Your copy should hold only the lines from the one containing "Locale commerciale in" through the final line of the entries, exactly as written, with no pictures.

STORED DATA:
--- START ---
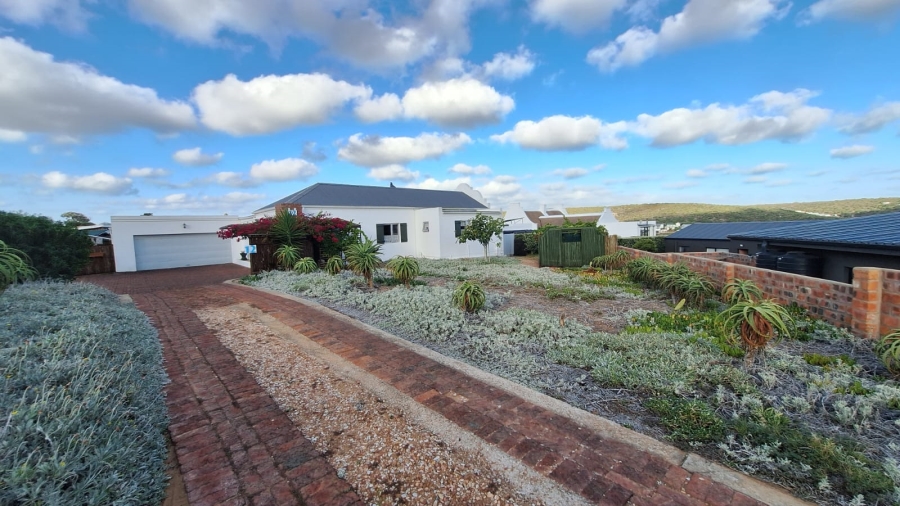 3 Bedroom Property for Sale in Stilbaai Wes Western Cape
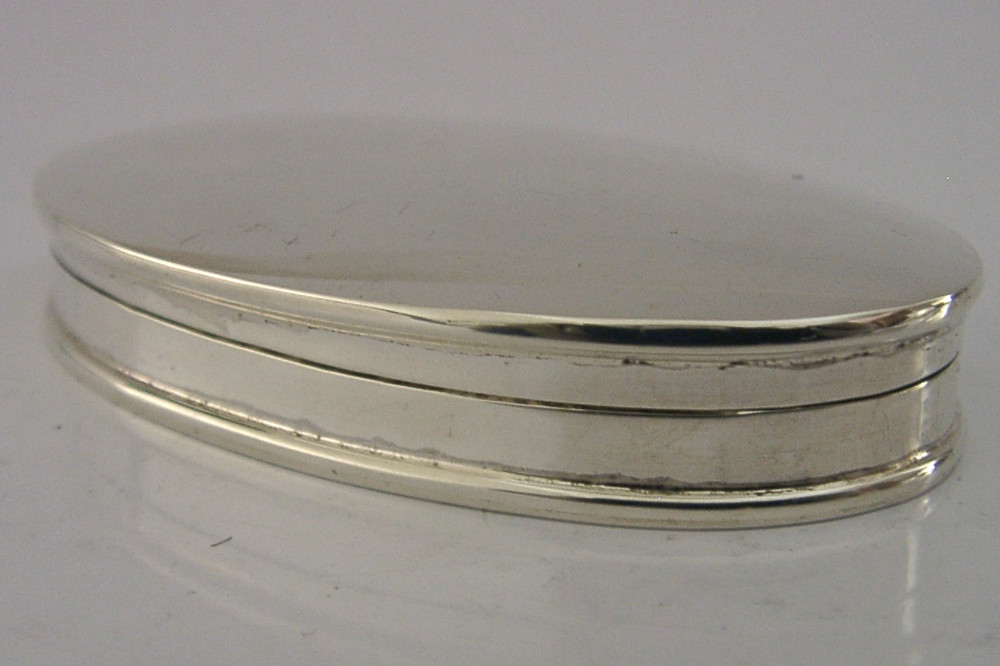 QUALITY ENGLISH SOLID STERLING SILVER GOOD SIZED BOX 2000 2.75 inch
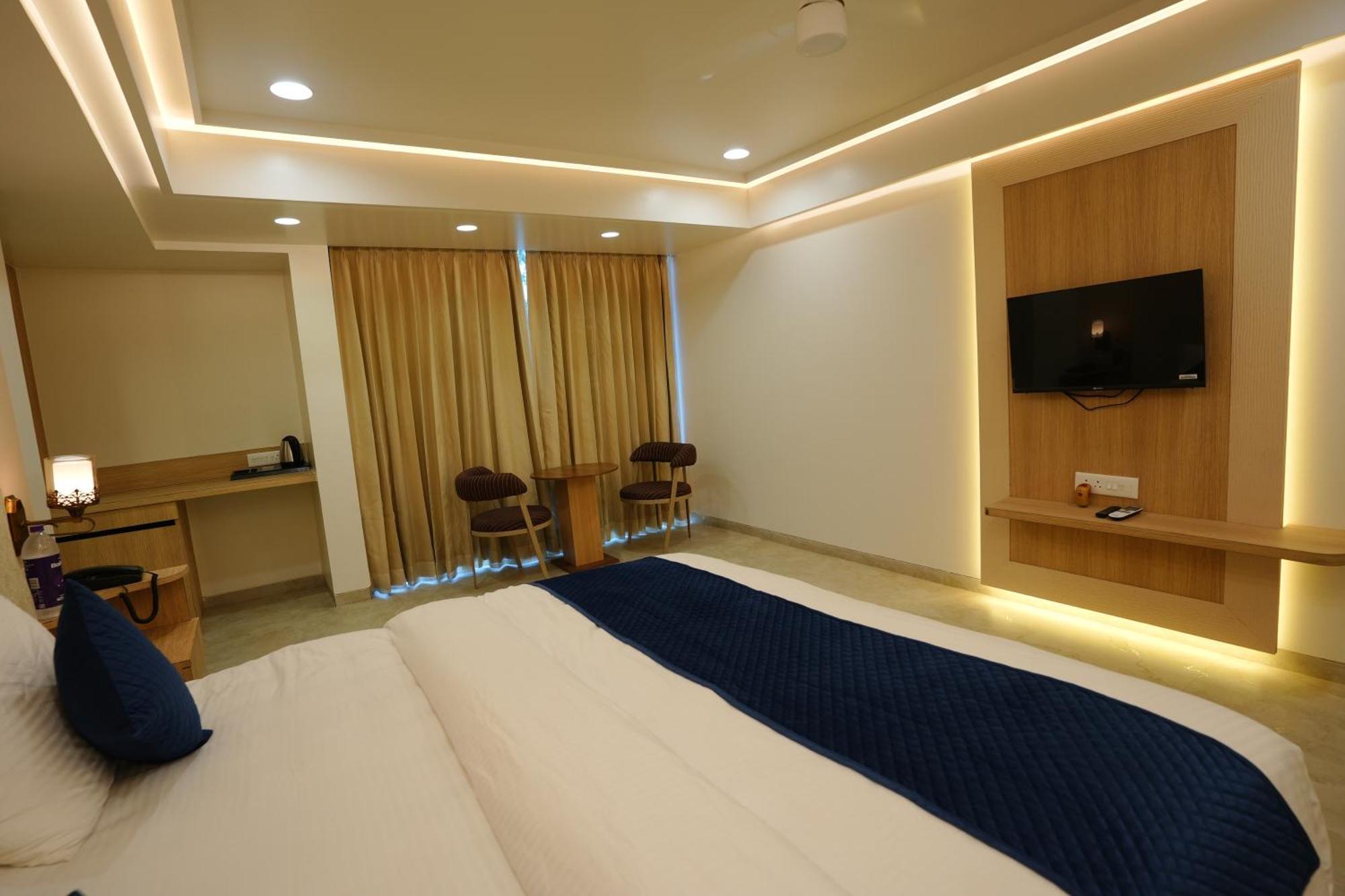 Hotel 6 Seasons, Koregoan Park, Пюн Екстериор снимка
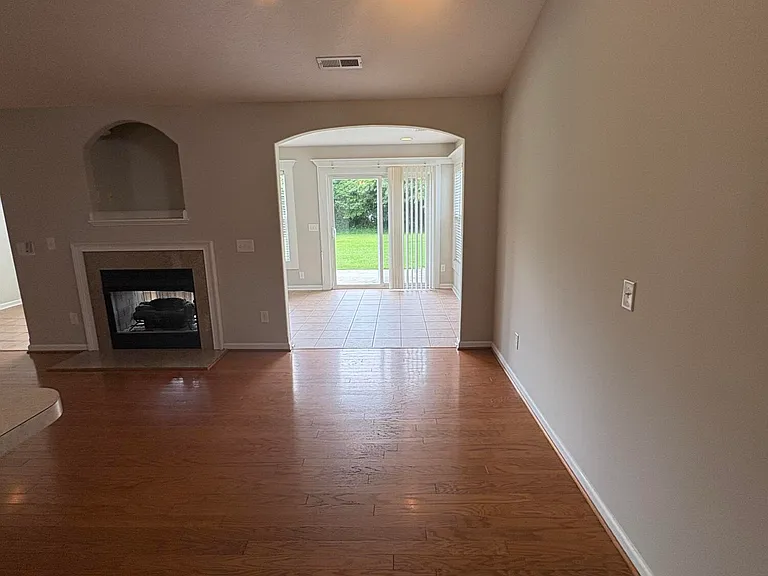 121 Mulberry Cir — Photo 11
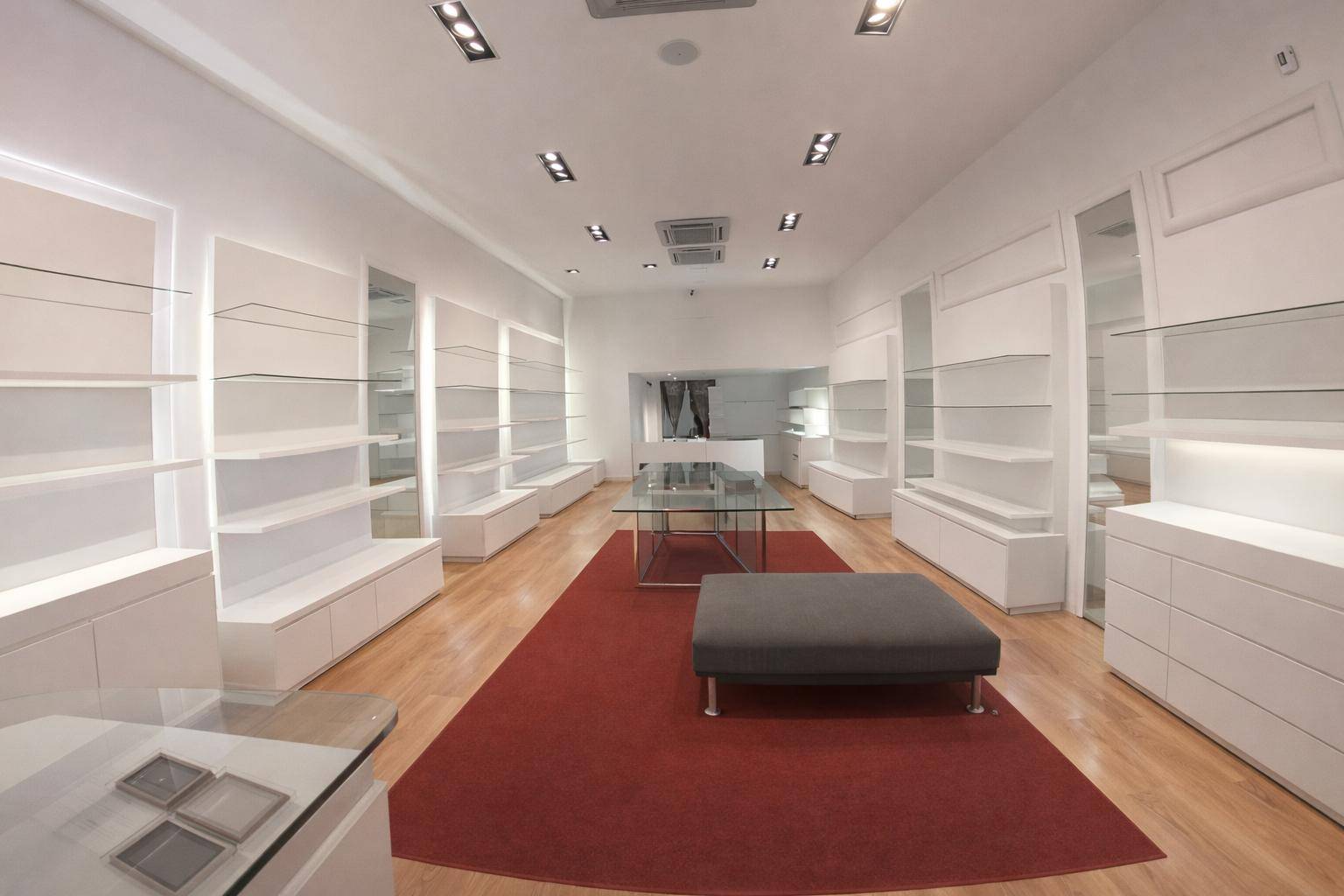 Locale commerciale in affitto a Fabriano, CENTRO STORICO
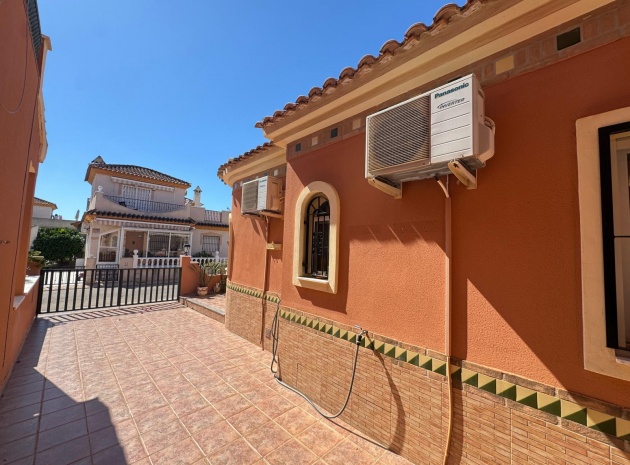 Återförsäljning - Villa - Playa Flamenca
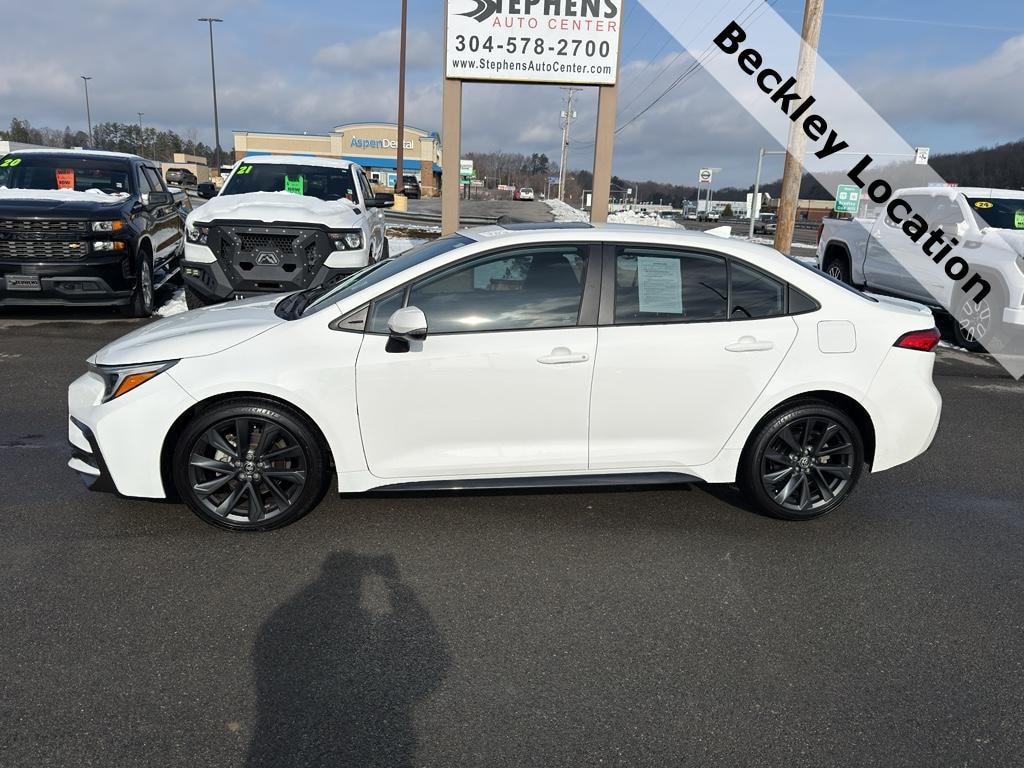 Used 2024 Toyota Corolla SE Sedan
--- END ---
SOLUTION TO THIS TASK:
 Locale commerciale in affitto a Fabriano, CENTRO STORICO
 Återförsäljning - Villa - Playa Flamenca
 Used 2024 Toyota Corolla SE Sedan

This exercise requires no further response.